Ryan is not so lucky. Breaking a cardinal rule, he surprises his new-found ladyfriend at home, and discovers she's married with children. He learns that one of the countless people he's fired on the job has committed suicide, and his career breaks into a thousand little pieces. Achieving his 10-million-mile status, he finds himself indifferent. The assistant goes off to a real job in San Francisco; the girlfriend says she's still up for intermittent escapist sex but nothing more; what passes for his home is a studio apartment in Omaha, where the movie leaves him contemplating the bleakest future imaginable.

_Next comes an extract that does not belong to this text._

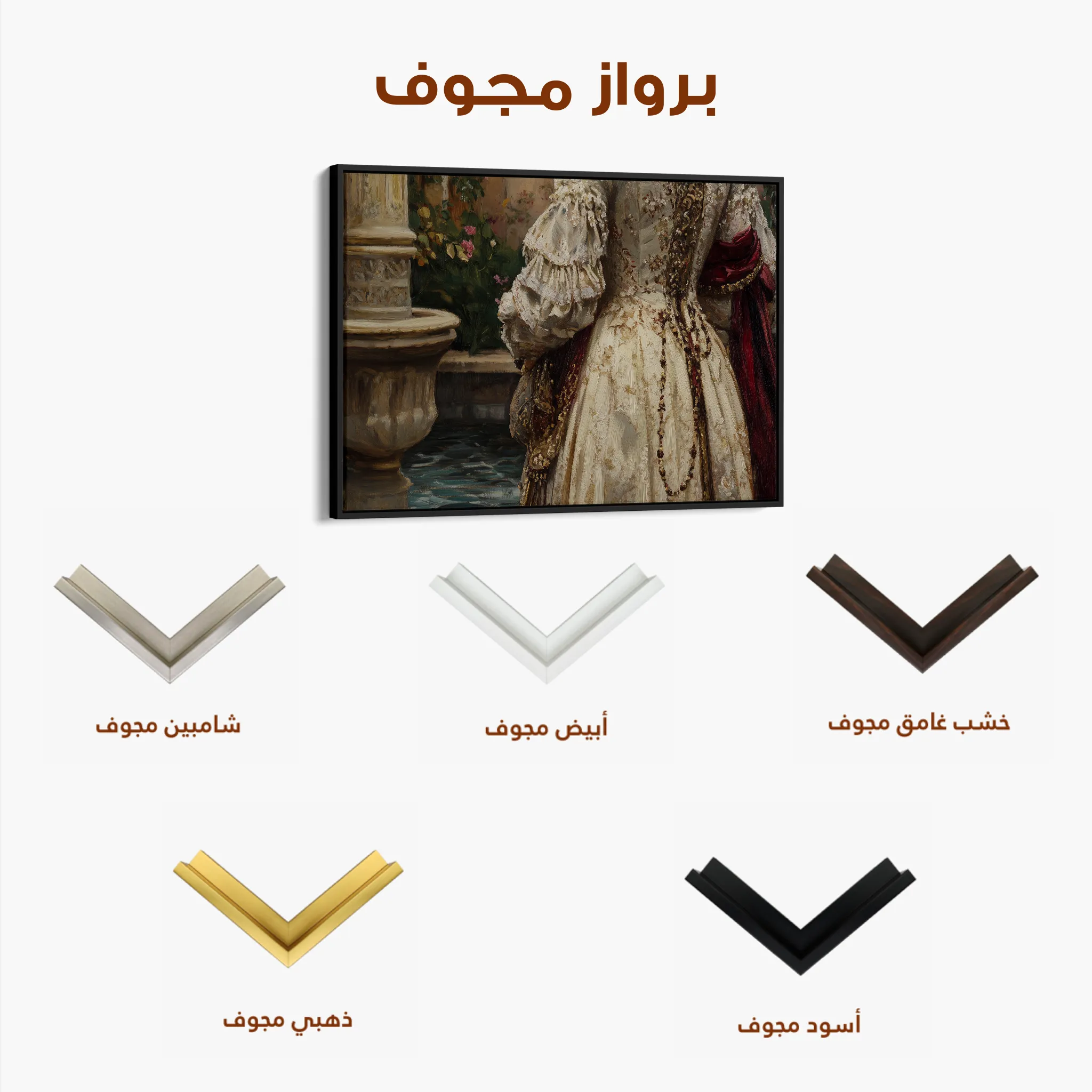 Classic Canvas Wall Art WAD021-CL 90 x 60 cm / Stretched on hidden frame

So what begins as a feelgood movie turns out to be a downer, a story of a clever, resourceful, sympathetic man who loses his way in a life that has become a trackless wasteland from which he'll never emerge. And the movie that looks to be a heartbreaker is instead that rarest of beasts, a heartwarmer for adults, a story of someone who seems doomed but who will survive and if not thrive, at least cope. So in the end, they are, indeed, very different films, except in two ways: they have the same narrative structure, if not ending, and they're two of the best movies of 2009.

1 comment:

  1. Haven't seen either film yet, but read PUSH when it first came out and was horrified, uplifted, crabby. Crabby b/c the "good guys" seem all to be light-skinned folks...and b/c I'm a tad cynical about the power of the written word to change lives. But what seems more important--if anyone in Hollywood is listening--is that both movies are doing well at the box office. Which means that someone other than fifteen-year-old boys are buying movie tickets. So could someone please keep making movies for people whose brains aren't fully engaged only at the crotch level (aka the careers of Will Farrell, Adam Sandler, and almost all other male SNL alums)...
    and then, on a side note: my brother showed us a screener of "Single Man," Tom Ford's directorial debut: Colin Firth aside, what a pretentious load of hooey. Like an animated Bruce Weber film shoot but with less heart and better furniture. Feh, I say to thee, feh. Stick to shoes and leather trousers, Tom.